* [Stored items]
*** Begin section ***

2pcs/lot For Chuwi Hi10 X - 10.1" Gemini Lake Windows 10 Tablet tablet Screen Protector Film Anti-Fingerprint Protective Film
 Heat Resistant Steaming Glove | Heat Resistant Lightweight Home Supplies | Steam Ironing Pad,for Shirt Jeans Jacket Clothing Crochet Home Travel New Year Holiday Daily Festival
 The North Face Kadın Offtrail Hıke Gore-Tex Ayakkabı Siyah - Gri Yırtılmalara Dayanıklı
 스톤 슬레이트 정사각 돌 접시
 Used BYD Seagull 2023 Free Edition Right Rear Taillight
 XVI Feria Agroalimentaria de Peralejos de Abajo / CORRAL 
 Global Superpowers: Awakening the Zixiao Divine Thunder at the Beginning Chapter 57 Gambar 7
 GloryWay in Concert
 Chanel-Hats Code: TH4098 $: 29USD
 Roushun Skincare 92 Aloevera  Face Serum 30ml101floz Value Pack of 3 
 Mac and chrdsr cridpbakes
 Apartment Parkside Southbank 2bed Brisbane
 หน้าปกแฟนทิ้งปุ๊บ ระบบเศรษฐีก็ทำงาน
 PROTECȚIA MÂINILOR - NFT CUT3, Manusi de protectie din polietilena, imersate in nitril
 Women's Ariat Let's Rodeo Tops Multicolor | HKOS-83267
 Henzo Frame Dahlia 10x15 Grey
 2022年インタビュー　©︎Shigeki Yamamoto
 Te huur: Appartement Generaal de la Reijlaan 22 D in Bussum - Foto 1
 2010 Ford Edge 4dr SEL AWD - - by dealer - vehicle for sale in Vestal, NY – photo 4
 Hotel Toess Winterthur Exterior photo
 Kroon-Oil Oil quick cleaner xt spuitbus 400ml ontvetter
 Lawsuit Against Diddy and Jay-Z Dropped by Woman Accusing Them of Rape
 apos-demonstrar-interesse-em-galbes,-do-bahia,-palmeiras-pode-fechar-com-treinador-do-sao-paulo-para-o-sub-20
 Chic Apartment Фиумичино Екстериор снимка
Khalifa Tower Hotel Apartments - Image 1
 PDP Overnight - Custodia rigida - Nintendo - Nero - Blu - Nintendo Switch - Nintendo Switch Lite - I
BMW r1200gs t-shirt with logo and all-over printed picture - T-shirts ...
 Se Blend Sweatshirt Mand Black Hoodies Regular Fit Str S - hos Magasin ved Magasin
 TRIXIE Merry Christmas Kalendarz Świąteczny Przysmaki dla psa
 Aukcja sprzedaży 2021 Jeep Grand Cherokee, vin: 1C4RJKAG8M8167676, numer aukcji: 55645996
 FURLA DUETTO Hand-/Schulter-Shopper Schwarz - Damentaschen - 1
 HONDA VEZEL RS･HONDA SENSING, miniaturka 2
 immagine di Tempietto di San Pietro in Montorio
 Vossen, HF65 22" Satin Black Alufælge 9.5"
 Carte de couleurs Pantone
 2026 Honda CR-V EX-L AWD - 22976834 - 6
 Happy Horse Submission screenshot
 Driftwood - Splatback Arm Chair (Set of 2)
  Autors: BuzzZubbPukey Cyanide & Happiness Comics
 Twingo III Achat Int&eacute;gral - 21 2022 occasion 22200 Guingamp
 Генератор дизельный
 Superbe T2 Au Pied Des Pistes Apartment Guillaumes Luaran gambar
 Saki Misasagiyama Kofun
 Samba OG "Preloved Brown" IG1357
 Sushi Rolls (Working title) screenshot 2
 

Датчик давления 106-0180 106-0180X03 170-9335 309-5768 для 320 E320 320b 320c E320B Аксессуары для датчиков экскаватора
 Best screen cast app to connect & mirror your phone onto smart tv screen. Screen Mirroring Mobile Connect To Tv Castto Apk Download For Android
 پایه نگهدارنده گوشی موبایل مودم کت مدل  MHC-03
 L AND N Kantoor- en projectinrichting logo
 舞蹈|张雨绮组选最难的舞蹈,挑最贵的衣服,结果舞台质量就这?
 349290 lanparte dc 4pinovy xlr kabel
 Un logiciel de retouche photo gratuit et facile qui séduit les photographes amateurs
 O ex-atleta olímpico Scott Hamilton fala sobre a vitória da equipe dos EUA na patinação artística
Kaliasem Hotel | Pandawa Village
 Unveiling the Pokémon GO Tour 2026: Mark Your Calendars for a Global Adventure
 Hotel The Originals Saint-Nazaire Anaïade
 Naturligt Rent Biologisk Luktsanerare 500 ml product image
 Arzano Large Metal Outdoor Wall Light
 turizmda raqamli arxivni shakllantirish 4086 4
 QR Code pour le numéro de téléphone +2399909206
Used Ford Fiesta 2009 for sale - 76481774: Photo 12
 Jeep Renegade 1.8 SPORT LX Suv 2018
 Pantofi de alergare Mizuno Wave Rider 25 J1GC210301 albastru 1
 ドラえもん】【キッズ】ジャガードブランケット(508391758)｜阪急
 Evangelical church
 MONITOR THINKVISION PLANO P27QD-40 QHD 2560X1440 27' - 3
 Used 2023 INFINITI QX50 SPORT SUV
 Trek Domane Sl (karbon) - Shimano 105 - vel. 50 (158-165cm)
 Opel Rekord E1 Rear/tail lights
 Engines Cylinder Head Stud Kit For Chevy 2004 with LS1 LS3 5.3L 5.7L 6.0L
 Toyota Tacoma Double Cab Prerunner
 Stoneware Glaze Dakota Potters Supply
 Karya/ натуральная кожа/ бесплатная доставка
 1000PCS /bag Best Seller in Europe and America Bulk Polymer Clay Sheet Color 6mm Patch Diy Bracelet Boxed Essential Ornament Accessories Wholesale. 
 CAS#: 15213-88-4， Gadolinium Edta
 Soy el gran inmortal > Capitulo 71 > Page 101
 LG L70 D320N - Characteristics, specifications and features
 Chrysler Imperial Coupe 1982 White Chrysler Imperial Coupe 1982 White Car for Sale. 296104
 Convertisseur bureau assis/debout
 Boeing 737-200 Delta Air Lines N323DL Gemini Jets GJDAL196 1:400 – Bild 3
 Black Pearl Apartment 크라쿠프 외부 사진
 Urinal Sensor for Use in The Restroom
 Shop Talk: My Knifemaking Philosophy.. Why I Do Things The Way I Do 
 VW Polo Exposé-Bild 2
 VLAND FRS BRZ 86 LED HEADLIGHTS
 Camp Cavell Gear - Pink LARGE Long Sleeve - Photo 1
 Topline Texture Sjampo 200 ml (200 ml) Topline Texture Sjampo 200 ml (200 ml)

*** End section ***

* [What to do] If a line falls between the first line of the data above and the line holding "PDP Overnight - Custodia", inclusive, retype it exactly; retype no other line.

* [Exercise output]
2pcs/lot For Chuwi Hi10 X - 10.1" Gemini Lake Windows 10 Tablet tablet Screen Protector Film Anti-Fingerprint Protective Film
 Heat Resistant Steaming Glove | Heat Resistant Lightweight Home Supplies | Steam Ironing Pad,for Shirt Jeans Jacket Clothing Crochet Home Travel New Year Holiday Daily Festival
 The North Face Kadın Offtrail Hıke Gore-Tex Ayakkabı Siyah - Gri Yırtılmalara Dayanıklı
 스톤 슬레이트 정사각 돌 접시
 Used BYD Seagull 2023 Free Edition Right Rear Taillight
 XVI Feria Agroalimentaria de Peralejos de Abajo / CORRAL 
 Global Superpowers: Awakening the Zixiao Divine Thunder at the Beginning Chapter 57 Gambar 7
 GloryWay in Concert
 Chanel-Hats Code: TH4098 $: 29USD
 Roushun Skincare 92 Aloevera  Face Serum 30ml101floz Value Pack of 3 
 Mac and chrdsr cridpbakes
 Apartment Parkside Southbank 2bed Brisbane
 หน้าปกแฟนทิ้งปุ๊บ ระบบเศรษฐีก็ทำงาน
 PROTECȚIA MÂINILOR - NFT CUT3, Manusi de protectie din polietilena, imersate in nitril
 Women's Ariat Let's Rodeo Tops Multicolor | HKOS-83267
 Henzo Frame Dahlia 10x15 Grey
 2022年インタビュー　©︎Shigeki Yamamoto
 Te huur: Appartement Generaal de la Reijlaan 22 D in Bussum - Foto 1
 2010 Ford Edge 4dr SEL AWD - - by dealer - vehicle for sale in Vestal, NY – photo 4
 Hotel Toess Winterthur Exterior photo
 Kroon-Oil Oil quick cleaner xt spuitbus 400ml ontvetter
 Lawsuit Against Diddy and Jay-Z Dropped by Woman Accusing Them of Rape
 apos-demonstrar-interesse-em-galbes,-do-bahia,-palmeiras-pode-fechar-com-treinador-do-sao-paulo-para-o-sub-20
 Chic Apartment Фиумичино Екстериор снимка
Khalifa Tower Hotel Apartments - Image 1
 PDP Overnight - Custodia rigida - Nintendo - Nero - Blu - Nintendo Switch - Nintendo Switch Lite - I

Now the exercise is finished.